RWKV-x070-2B9-CJE-Instruct Model Card
Model Overview
- Model Name: RWKV-x070-2B9-CJE-Instruct
- Description: An instruction-tuned model specialized for Japanese, Chinese, and English languages
- Base Model: rwkv-x070-2b9-world-v3-40%trained-20250113-ctx4k.pth
- Architecture: RWKV x070 "Goose"
- Parameters: 2.9B
- Model Dimension: 2560
- Number of Layers: 32
Fine-tuning Details
Training Configuration
- Trainer: RWKV-LM-RLHF (https://github.com/OpenMOSE/RWKV-LM-RLHF)
- PEFT Mode: Hybrid Training combining frozen embeddings and Bone (Block Affine Transformation) + full parameter training
- SFT Method: SmoothingLoss SFT
- Context Window: 5120 (trained with 1024 token overlap)
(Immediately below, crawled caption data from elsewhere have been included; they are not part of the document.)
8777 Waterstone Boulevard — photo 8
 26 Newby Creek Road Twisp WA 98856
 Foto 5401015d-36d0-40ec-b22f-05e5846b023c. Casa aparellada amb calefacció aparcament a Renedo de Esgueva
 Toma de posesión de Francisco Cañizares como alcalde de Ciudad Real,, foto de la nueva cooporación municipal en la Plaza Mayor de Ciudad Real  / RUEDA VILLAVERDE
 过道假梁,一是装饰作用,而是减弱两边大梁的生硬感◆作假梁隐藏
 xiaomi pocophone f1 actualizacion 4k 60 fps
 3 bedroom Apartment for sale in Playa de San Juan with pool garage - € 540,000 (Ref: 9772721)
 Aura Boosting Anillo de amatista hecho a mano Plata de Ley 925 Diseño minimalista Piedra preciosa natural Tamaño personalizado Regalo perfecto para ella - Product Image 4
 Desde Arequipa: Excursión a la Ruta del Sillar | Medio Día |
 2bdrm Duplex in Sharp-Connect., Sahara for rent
- Compute Power: AMD Instinct MI100 x 2 60hrs (100ï¼… solar energy)
Dataset Specifications
- Size: 800k pairs
- Content:
- Mixed data in Japanese, Chinese, and English
- Conversations
- Programming code
- Translation tasks
- Chain-of-Thought reasoning tasks
How to use
- Install latest RWKV-Infer (Linux,WSL) (https://github.com/OpenMOSE/RWKV-Infer)
- make folder 'models'
- move rwkv-x070-2b9-cje-instruct-1.pth to models folder
curl http://127.0.0.1:9000/loadmodel -X POST -H "Content-Type: application/json" -d '{"model_filename":"models/rwkv-x070-2b9-cje-instruct-1.pth","model_viewname":"RWKV x070 2B9 CJE Instruct-1","model_strategy":"fp16","endtoken":"\\n\\n\\x17"}'
- Enjoy with openai compatible api http://127.0.0.1:9000/v1 :)
Important Note
- Set the end token as '\n\n\x17'
User: who are you?\n\n\x17
Assistant: gooday i'm rwkv\n\n\x17
Limitations and Considerations
- This is an experimental model; inference stability is not fully guaranteed
- Unexpected behaviors may occur
- Continuous improvements are being made; feedback is welcome
License
Apache License 2.0
Acknowledgments
We express our gratitude to the RWKV base model and the RWKV community for their support in developing this model.